И вот минутами мне кажется, что если бы он и полюбил меня, то не исчезло бы у меня это чувство своего «ничтожества» перед ним. [Всегда я чувствовала его превосходство над собой. – зачеркнуто], сознание, что мне далеко до него, что я стою лишь у подножья той большой горы, на вершине которой находится он – гордый в своем величии. И возможно, что у нас создались бы какие-то уродливые отношения, которые отравляли бы и мне мою любовь, и ему были тягостны. Да, так вот…
Лучше пусть это будет годика через 1 ½. К тому времени и я поотшлифуюсь и подвырасту, кто знает, быть может, [буду. – зачеркнуто] перестану быть «одним недоразумением»… И тогда пусть лучше это свершится… А до той поры – работать, работать… Работать с тем, чтобы приблизиться к нему, подняться до него!
Сегодня опять просидела весь день. Завтра, кажется, обречена на то же…
Невыносимо скучно.
До отупенья…
Уже надоели и книги, и отдых, и комната, и все, чем так дорожишь, когда приходится брать урывочками.
Мыслями и душой все время там, в театре, со всеми своими… Господи, иногда я с ужасом думаю, что будет, когда придется уходить из театра? Навсегда оставлять то, к чему так крепко, неразрывно приросла душа…
Жутко становится…
А может быть…
Ведь многие в театре уверяют меня в этом…
Может быть, не придется уходить… Не верю в возможность этого, но хочется верить… И часто мечтаю и обманываю себя…
Ну что ж, и пускай…
Пусть мечты останутся мечтами. Зато когда думаю об этом – так хорошо! А там будь что будет… Провинция так провинция! Хоть зоологический сад…
Жизнь все-таки останется такой же, как и теперь, – «трудной, тяжелой и в то же время невыразимо счастливой»193!.. Да, [такой же красивой и счастливой. – вымарано]. Да, и пройдет много-много лет, выльется жизнь в другую, новую форму, но по существу, по смыслу – никогда не изменится и будет все та же – «тяжелая и счастливая»…

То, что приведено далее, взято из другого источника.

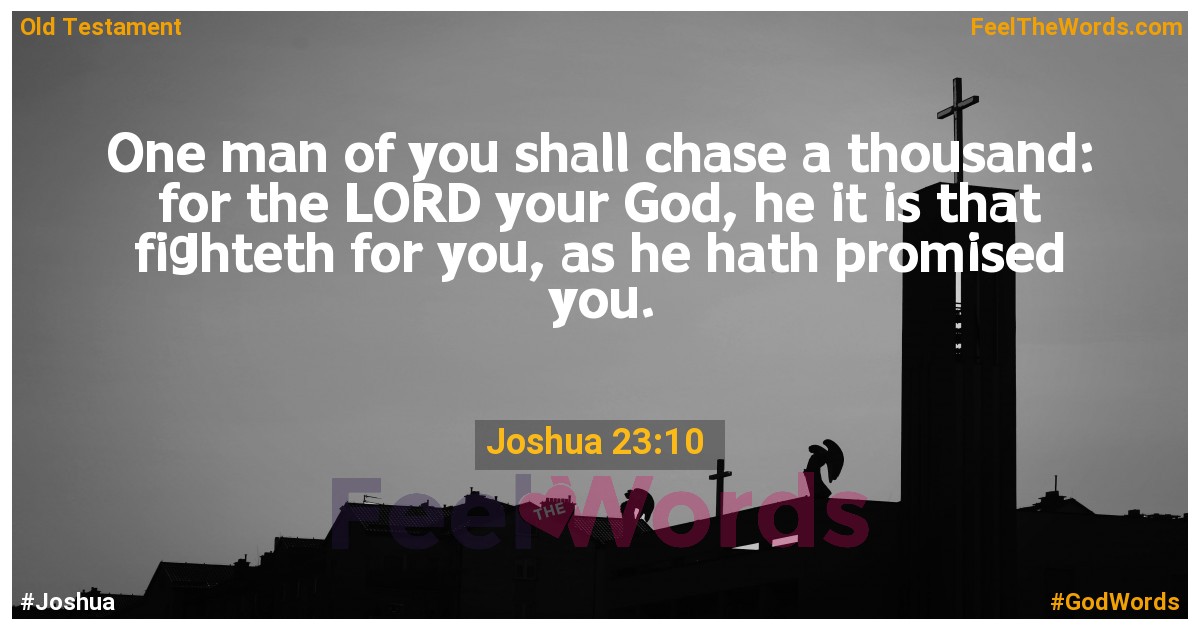 Joshua 23:10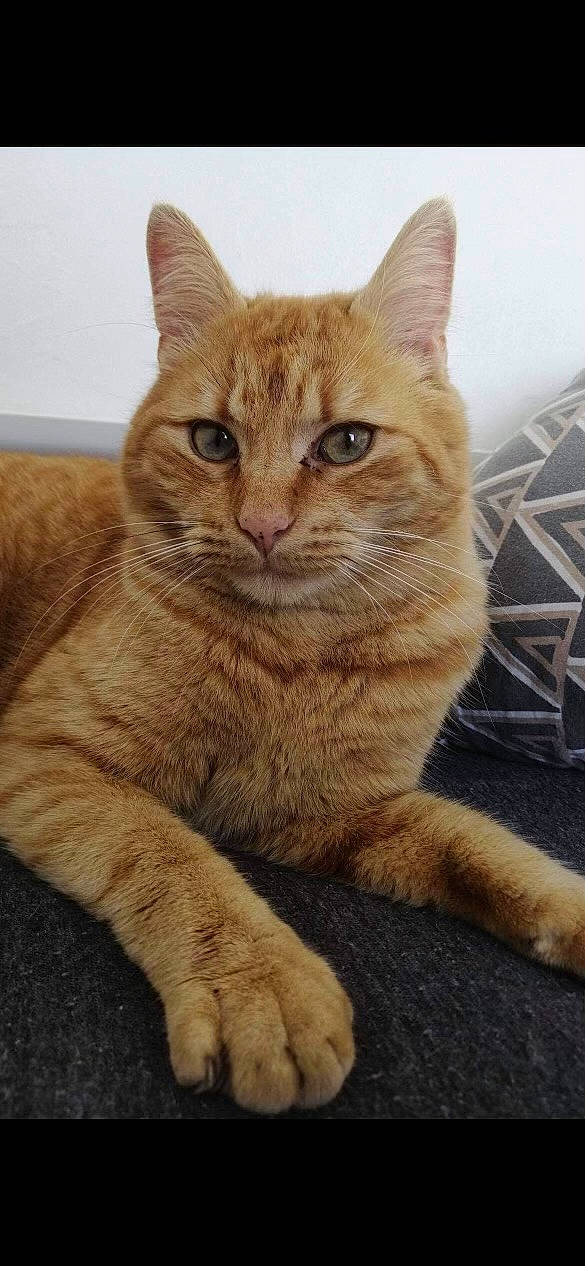 Timou a rejoint le concours — aidez-le/la à gagner de superbes lots ! carnivore, cat, claw, domestic_short_haired_cat, eye, fawn, felidae, fur, paw, small_to_medium_sized_cats, snout, tail, terrestrial_animal, whiskers, wildlife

Сегодня опять какой-то необыкновенный день…
С утра почувствовала себя лучше и пошла на репетицию.
И все так хорошо отнеслись, так заботливо расспрашивали о здоровье, обо всем, что невольно растрогалась как-то… А потом Василий Иванович подошел, пообещал принести вечером пилюльки, и опять такой нежный был, такой необычный.